[RFC] [P2] [PR tree-optimization/33562] Lowering more complex assignments.

Wed Feb 17 10:48:00 GMT 2016

On Wed, Feb 17, 2016 at 8:30 AM, Jeff Law <law@redhat.com> wrote:
> On 02/14/2016 11:38 AM, Richard Biener wrote:
>>
>> On February 14, 2016 5:35:13 PM GMT+01:00, Jeff Law <law@redhat.com>
>> wrote:
>>>
>>> On 02/12/2016 10:21 AM, Jeff Law wrote:
>>>>>
>>>>> But really we simply need a better DSE algorithm.
>>>>
>>>> So the way to fix DSE is to keep the existing algorithm and track the
>>>> hunks of Complex/aggregates that have been set a second time.
>>>>
>>>> My first thought was to implement this as an inverted bitmap.  ie,
>>>
>>> set
>>>>
>>>> it to 1 for every byte in the complex/aggregate that is set by the
>>>
>>> first
>>>>
>>>> store.  Clear bits for each byte in subsequent stores to the pieces.
>>>
>>> If
>>>>
>>>> the bitmap reaches an empty state, then the initial store is dead.
>>>>
>>>> Adjusting *ref could work too, but would probably be painful if the
>>>> subsequent stores don't happen in a convenient order.
>>>
>>> So that was scary easy.  We should have done this a long time ago.
>>>
>>> Essentially I call ao_get_ref_base to get the offset/size/max_size
>>> filled in for the first statement.  Those are used to initialize the
>>> live bytes bitfield, as long as max_size != -1.
>>>
>>> Then when we have a possible killing statement, we use the ao in a
>>> similar manner to determine which bytes to clear (taking care that the
>>> base is the same between the two references and that in the killing
>>> statement that the size/max_size are the same.).
>>>
>>> When all the live bytes are zero then we've killed the original
>>> statement.
>>>
>>> It's ~20 lines of code.
>>>
>>> I need to pull together some additional tests, but it looks likely
>>> we'll
>>> be able to wrap this up easily for gcc-6.
>>
>>
>> BTW, we had sth like this before but it had both correctness and more
>> importantly scalability issues.
>
> Just a couple more tibits.
>
> I instrumented a bootstrap -- the improved DSE finds ~20k additional DSE
> opportunities during a GCC bootstrap that could not be found by the current
> DSE.  Yes, 20k additional statements deleted by tree DSE.  Yow!

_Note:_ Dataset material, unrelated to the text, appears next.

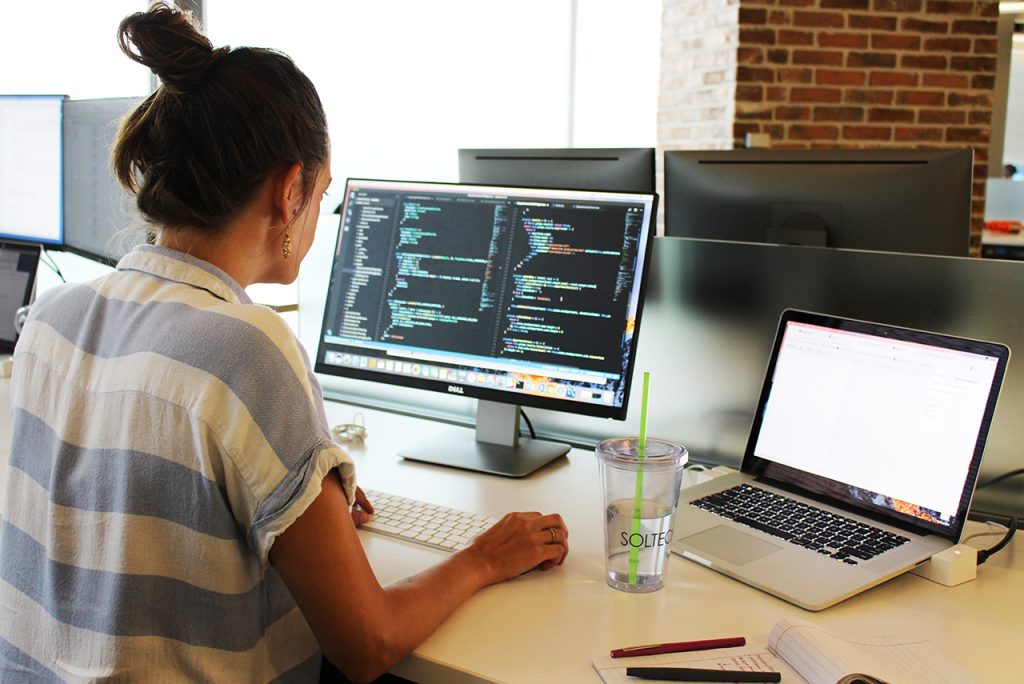 soltechatlanta's tweet image. Engineers have the skills to turn ideas into real-world innovation, & at SOLTECH, we are looking for the best engineers to do this. With a competitive salary package & ongoing education allowances, join us & #BringOnYourBest! Check out our open positions: hubs.ly/H0YcyTf0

Well, DCE also can do quite some DSE and it runs after DSE - did that 20k
more DSE affect the overall end-result?

> Of those additional opportunities, none require bit level tracking.  So we
> can just punt when the size/offset is not byte sized/aligned.

Yep.  I expect us to eventually lower all those bit-precision stuff.

> Of those additional opportunities > 99% are for sizes of 64 bytes or
> smaller.  Thus we can pack those into 1 or 2 bitmap elements, depending on
> the starting offset.  So the bitmap side will be efficient with no real
> searching if we choose our PARAM value wisely.

So then please use a uint64_t or even uint32_t mask please.  Which means
a fixed size SBITMAP (32 bits) if you like to use the bitmap interface.

> The outliers are, well, strange.  There were cases where we found new DSE
> opportunities for objects of size 2k bytes or larger.  There weren't many of
> these, but I was surprised at the size.  Most likely it's a clobber or mem*
> thing that's participating in DSE.  But I haven't looked closely at those
> cases yet.

I suspect it's memset followed by actually initializing all elements.  We have
quite some of those I think.

> There's a ton of statements that are clobbering zero-sized objects.  My code
> can determine when those clobbers are redundant (with some later clobber),
> but I haven't looked closely to see if that's actually a good thing to do or
> not.
>
> Anyway, I still don't see anything which makes me think this can't wrap-up
> in the immediate future.

Can you share your work-in-progress patch?

Thanks,
Richard.

> jeff